• Brief:
Write out, word for word, each line from the start of the entries through the one holding "Ten prosty zabieg ratuje im życie 😳"; omit the pictures.

• Extracted material:
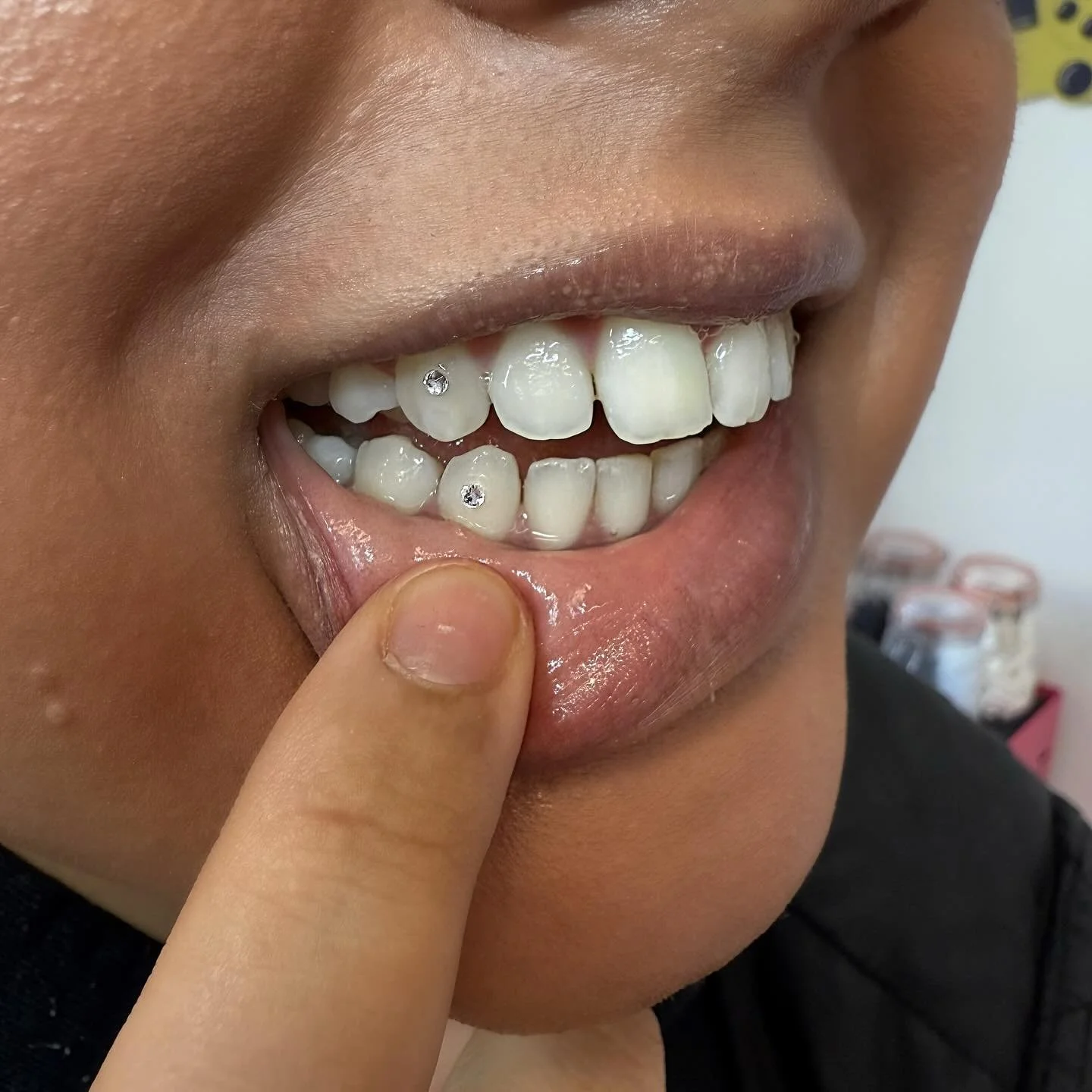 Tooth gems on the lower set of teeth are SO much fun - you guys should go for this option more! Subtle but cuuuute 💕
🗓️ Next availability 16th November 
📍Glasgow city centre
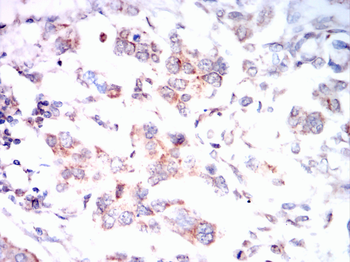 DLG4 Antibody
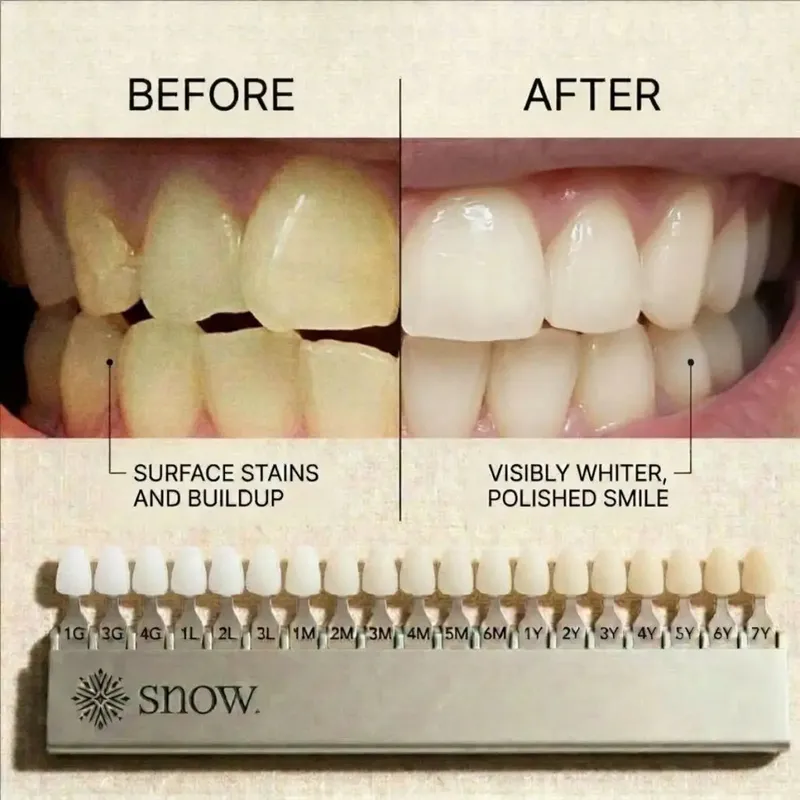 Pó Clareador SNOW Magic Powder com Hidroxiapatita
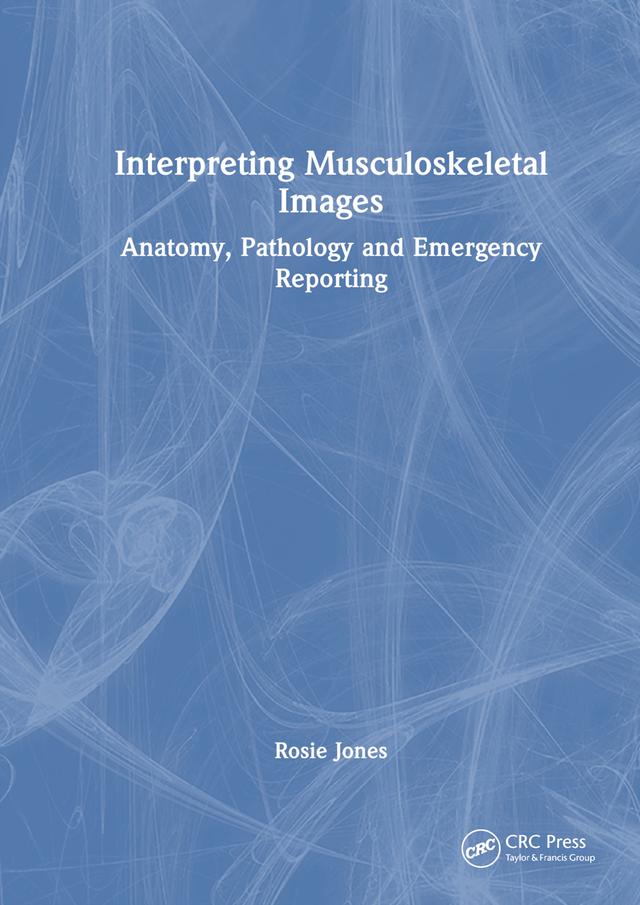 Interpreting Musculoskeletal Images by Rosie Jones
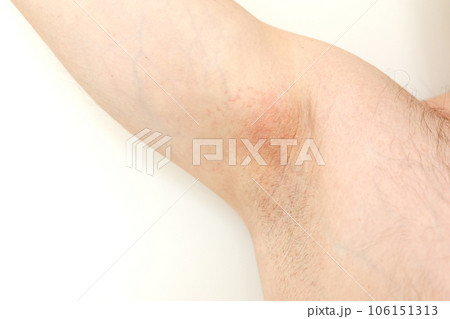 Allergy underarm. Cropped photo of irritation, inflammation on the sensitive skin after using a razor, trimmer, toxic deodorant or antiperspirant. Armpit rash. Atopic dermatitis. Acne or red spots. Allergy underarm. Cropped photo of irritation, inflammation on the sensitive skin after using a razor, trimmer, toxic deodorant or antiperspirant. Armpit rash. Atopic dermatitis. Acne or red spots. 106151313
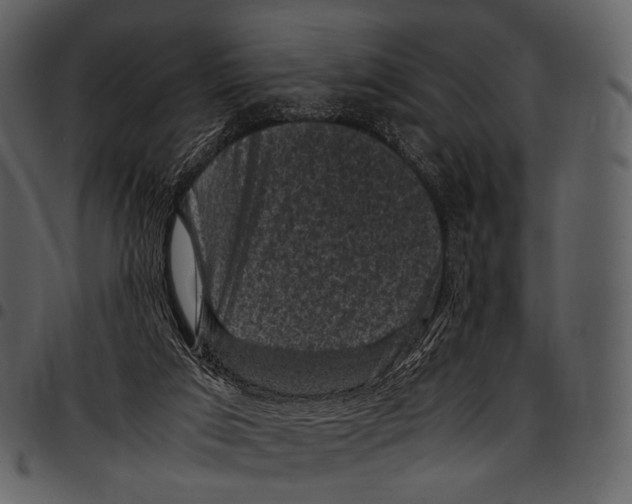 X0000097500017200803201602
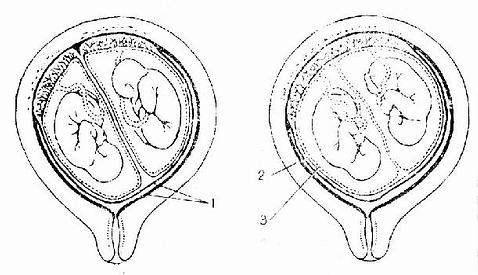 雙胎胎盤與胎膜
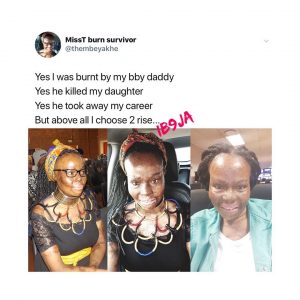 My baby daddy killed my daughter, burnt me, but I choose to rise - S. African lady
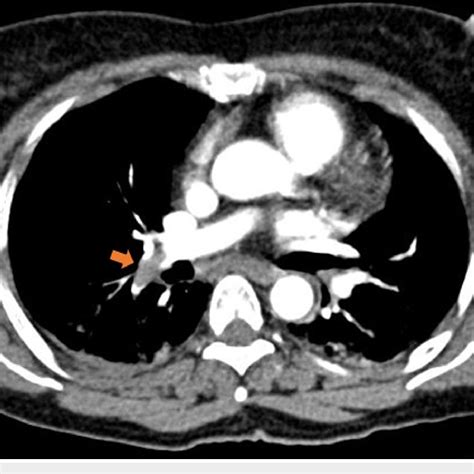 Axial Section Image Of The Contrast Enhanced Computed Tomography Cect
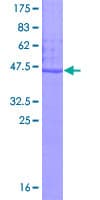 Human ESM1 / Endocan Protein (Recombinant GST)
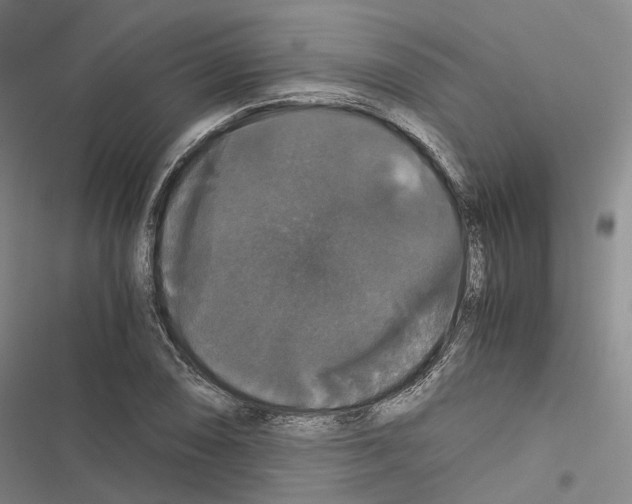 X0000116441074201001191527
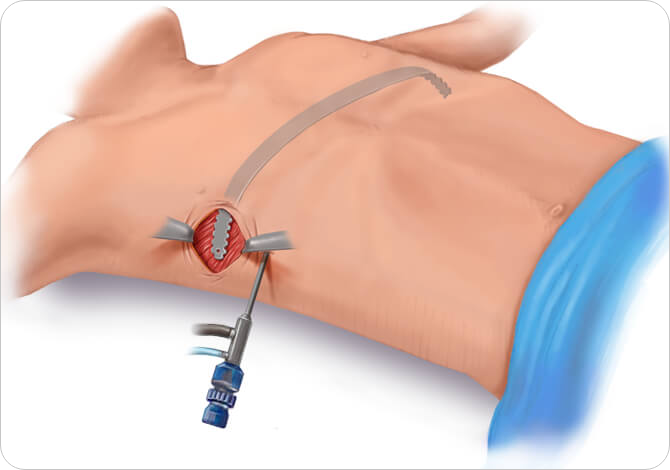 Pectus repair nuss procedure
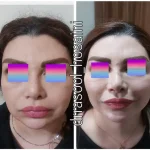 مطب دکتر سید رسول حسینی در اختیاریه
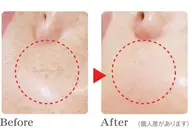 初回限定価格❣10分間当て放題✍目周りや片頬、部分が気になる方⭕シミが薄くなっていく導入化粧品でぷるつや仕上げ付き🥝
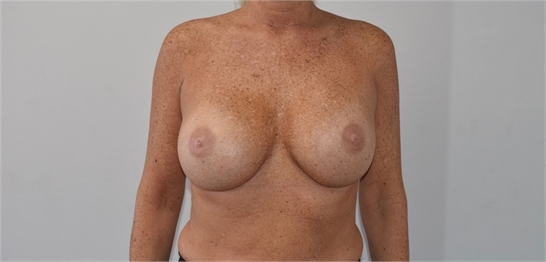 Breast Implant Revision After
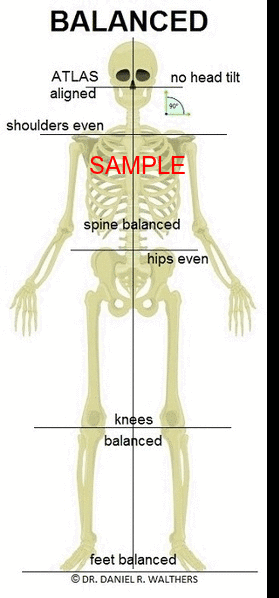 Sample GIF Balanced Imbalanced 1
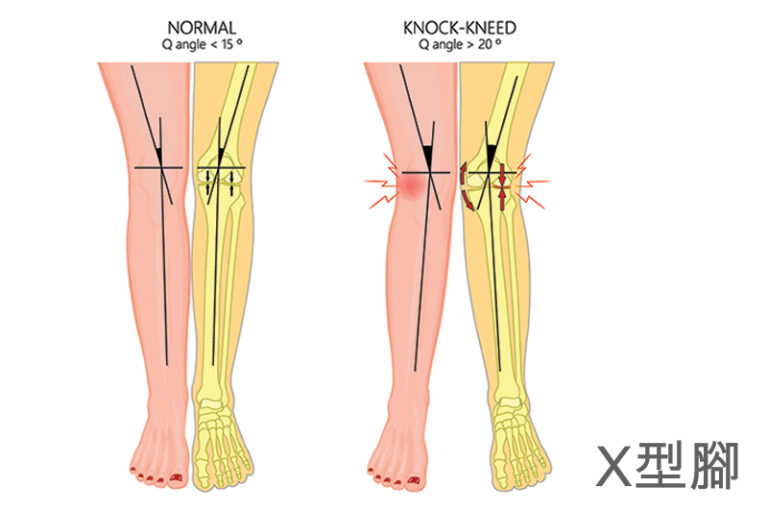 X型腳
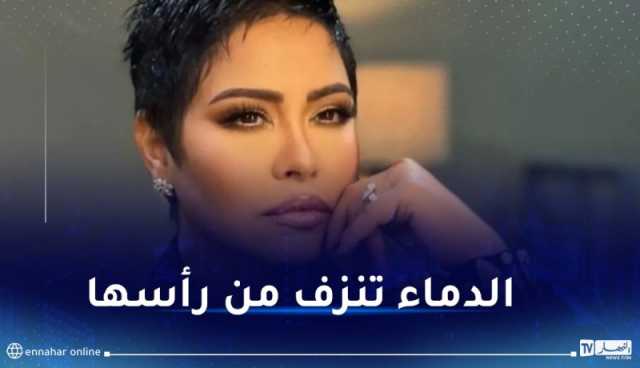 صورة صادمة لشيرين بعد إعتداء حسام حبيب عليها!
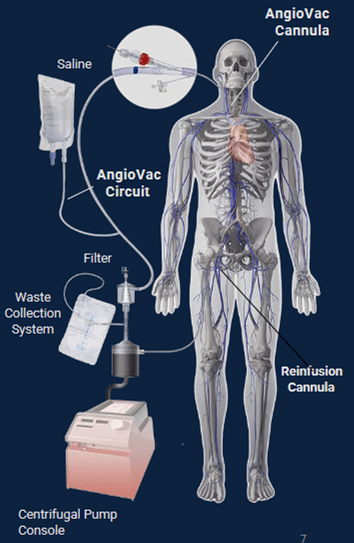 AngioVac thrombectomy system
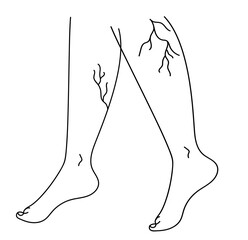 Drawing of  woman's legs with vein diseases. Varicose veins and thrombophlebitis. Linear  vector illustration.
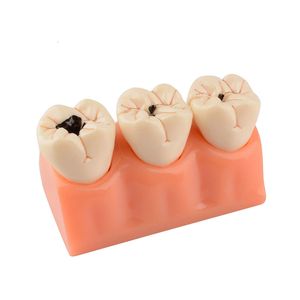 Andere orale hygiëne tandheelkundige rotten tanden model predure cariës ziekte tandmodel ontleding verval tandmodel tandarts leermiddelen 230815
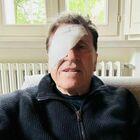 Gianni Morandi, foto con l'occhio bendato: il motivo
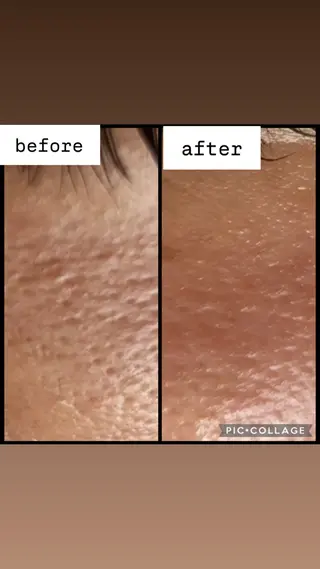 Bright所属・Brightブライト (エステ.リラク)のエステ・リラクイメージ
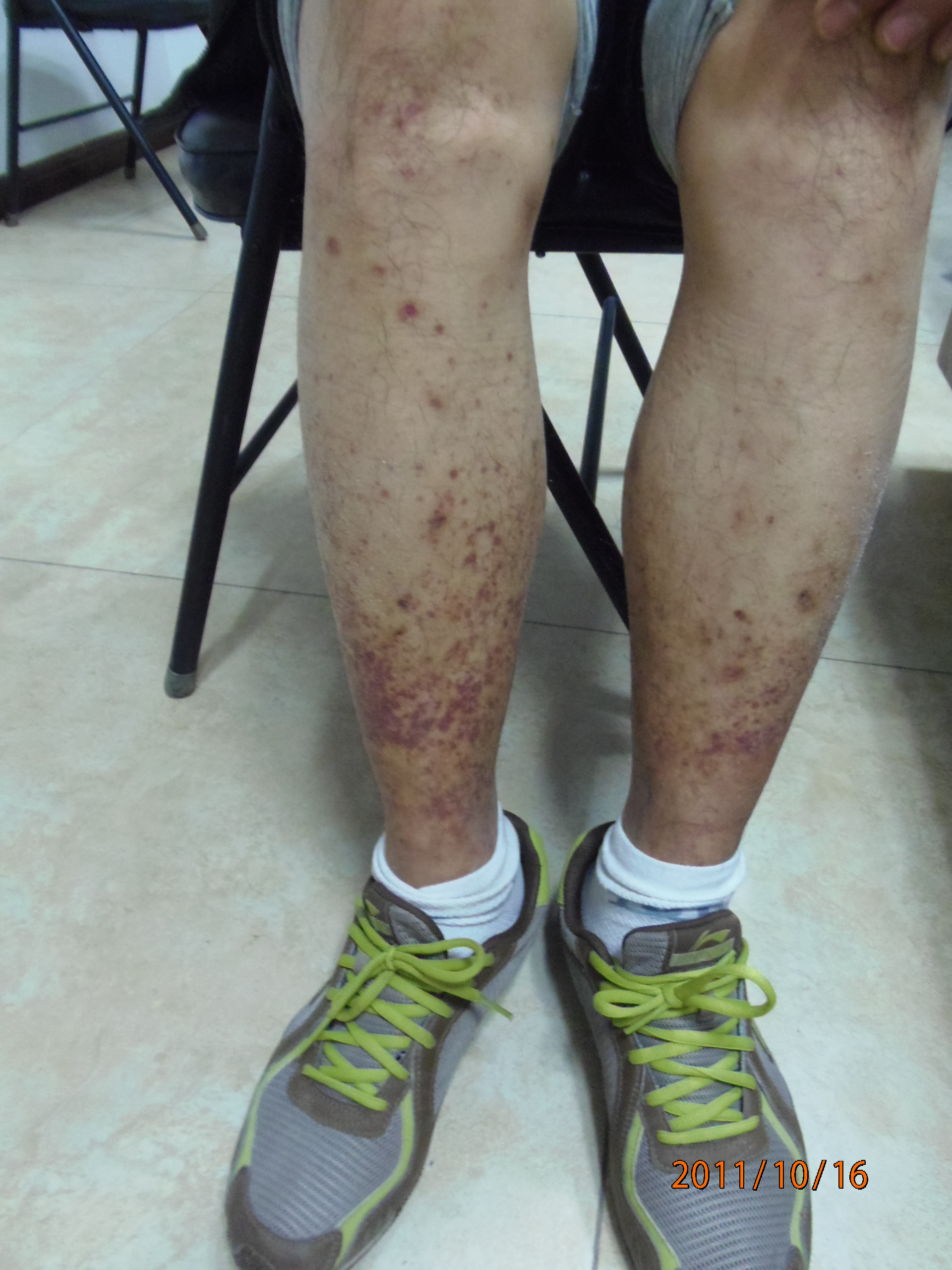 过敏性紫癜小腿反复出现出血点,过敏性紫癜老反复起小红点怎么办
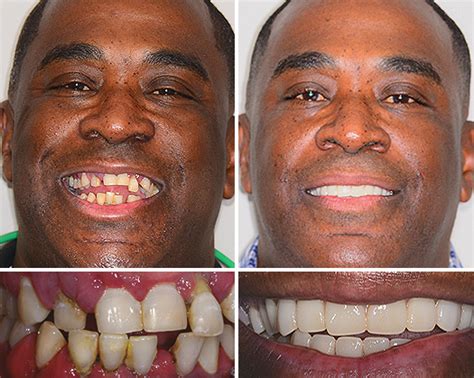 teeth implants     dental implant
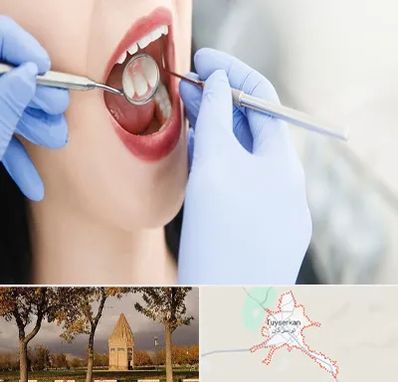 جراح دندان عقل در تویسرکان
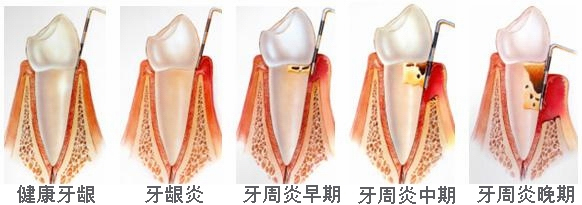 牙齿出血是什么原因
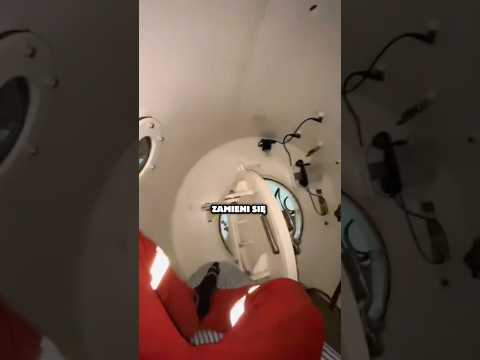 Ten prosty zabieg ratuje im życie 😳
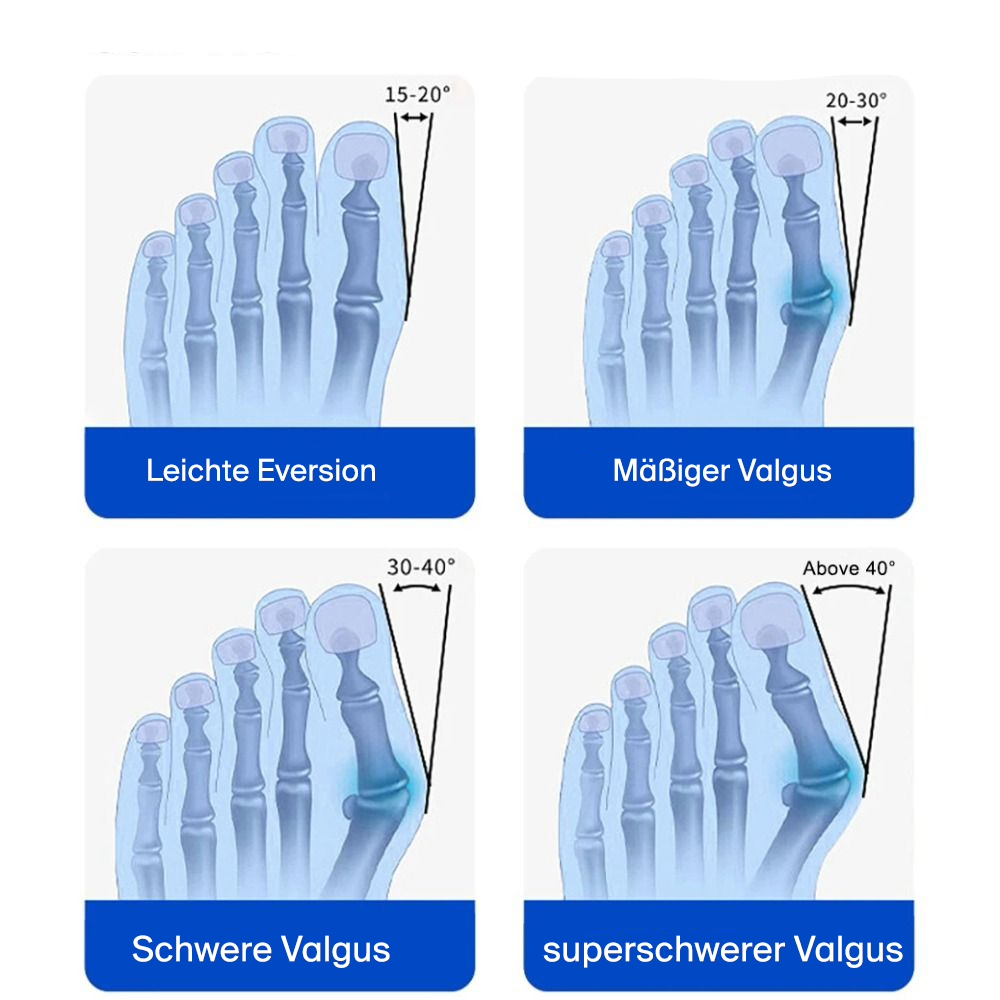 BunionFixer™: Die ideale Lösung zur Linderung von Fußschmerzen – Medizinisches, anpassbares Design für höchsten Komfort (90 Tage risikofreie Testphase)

• Expected output:
 Tooth gems on the lower set of teeth are SO much fun - you guys should go for this option more! Subtle but cuuuute 💕
🗓️ Next availability 16th November 
📍Glasgow city centre
 DLG4 Antibody
 Pó Clareador SNOW Magic Powder com Hidroxiapatita
 Interpreting Musculoskeletal Images by Rosie Jones
 Allergy underarm. Cropped photo of irritation, inflammation on the sensitive skin after using a razor, trimmer, toxic deodorant or antiperspirant. Armpit rash. Atopic dermatitis. Acne or red spots. Allergy underarm. Cropped photo of irritation, inflammation on the sensitive skin after using a razor, trimmer, toxic deodorant or antiperspirant. Armpit rash. Atopic dermatitis. Acne or red spots. 106151313
 X0000097500017200803201602
 雙胎胎盤與胎膜
 My baby daddy killed my daughter, burnt me, but I choose to rise - S. African lady
 Axial Section Image Of The Contrast Enhanced Computed Tomography Cect
 Human ESM1 / Endocan Protein (Recombinant GST)
 X0000116441074201001191527
 Pectus repair nuss procedure
 مطب دکتر سید رسول حسینی در اختیاریه
 初回限定価格❣10分間当て放題✍目周りや片頬、部分が気になる方⭕シミが薄くなっていく導入化粧品でぷるつや仕上げ付き🥝
 Breast Implant Revision After
 Sample GIF Balanced Imbalanced 1
 X型腳
 صورة صادمة لشيرين بعد إعتداء حسام حبيب عليها!
 AngioVac thrombectomy system
 Drawing of  woman's legs with vein diseases. Varicose veins and thrombophlebitis. Linear  vector illustration.
 Andere orale hygiëne tandheelkundige rotten tanden model predure cariës ziekte tandmodel ontleding verval tandmodel tandarts leermiddelen 230815
 Gianni Morandi, foto con l'occhio bendato: il motivo
 Bright所属・Brightブライト (エステ.リラク)のエステ・リラクイメージ
 过敏性紫癜小腿反复出现出血点,过敏性紫癜老反复起小红点怎么办
 teeth implants     dental implant
 جراح دندان عقل در تویسرکان
 牙齿出血是什么原因
 Ten prosty zabieg ratuje im życie 😳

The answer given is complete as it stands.